La Maison dans laquelle de Maryam Petrosyan

Je vais vous parler aujourd’hui d’une véritable expérience littéraire, un livre labyrinthe dont on ne sort pas vraiment en refermant les pages. Il nous fait pénétrer dans un monde qui nous fait perdre nos repères de lecteur. Ne tremblez pas et osez l’expérience.

Fumeur est un pensionnaire de le Maison. Rejeté par son groupe à cause d’une paire de basket qui le distinguent trop, il intègre la chambre du groupe quatre, composé d’étranges individus : Sphinx, l’Aveugle, Chacal Tabaqui, Lord et bien d’autres. L’univers complexe de la Maison se laisse alors apercevoir.

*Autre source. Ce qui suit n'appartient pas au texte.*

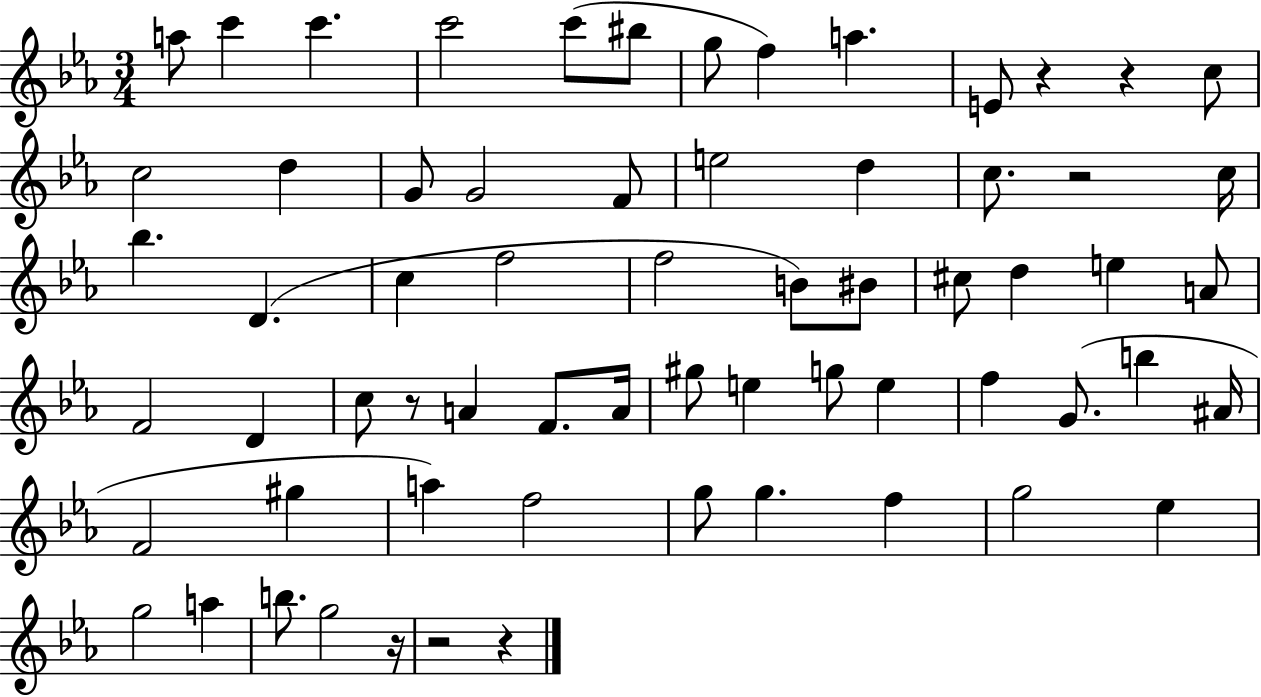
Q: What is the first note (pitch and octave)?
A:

Cet énorme roman absorbe son lecteur dans son univers riche, retors et autonome. La fragmentation, les changements de points de vue, de temporalité égarent doucement. Le lecteur cherche un moment à se raccrocher à la rationalité, cherche du sens, des explications et de la logique mais abandonne au fil des nombreuses pages. Chaque personnages nous guide un moment et nous enfonce dans un monde complet, avec ses rites, sa mythologie, son traumatisme fondateur. C’est un roman initiatique pour le lecteur plus que pour les personnages.

A travers les personnages adolescents qui déambulent dans les couloirs de la Maison, le lecteur vit une sorte d’énigme permanente, où l’on cherche en vain à démêler le vrai du faux. Les thèmes universellement humains comme la peur de la mort, la folie, la violence, l’amour sont abordés sans offrir de réponse toute faite. Ne vous y trompez pas : ce n’est pas parce que les personnages sont adolescents qu’il s’agit d’un roman pour la jeunesse. La force du texte réside dans sa sobriété, son absence de morale et de sentimentalisme.

Malgré la dimension fantastique (au sens littéraire), il s’agit finalement du roman le plus réaliste que j’ai pu lire. Il m’a semblé que je me confrontais à la démonstration du fonctionnement de l’esprit humain. Chacun crée son propre monde, constitué de ses émotions, de ses propres mythes et contes, de son histoire. Ce qui semble absurde aux autres prend tout son sens dans notre monde personnel.

Pour entrer dans la Maison, il faut renoncer au sens et accueillir l’expérience de l’absurde. Je me demande si Camus n’aurait pas aimé de roman d’ailleurs…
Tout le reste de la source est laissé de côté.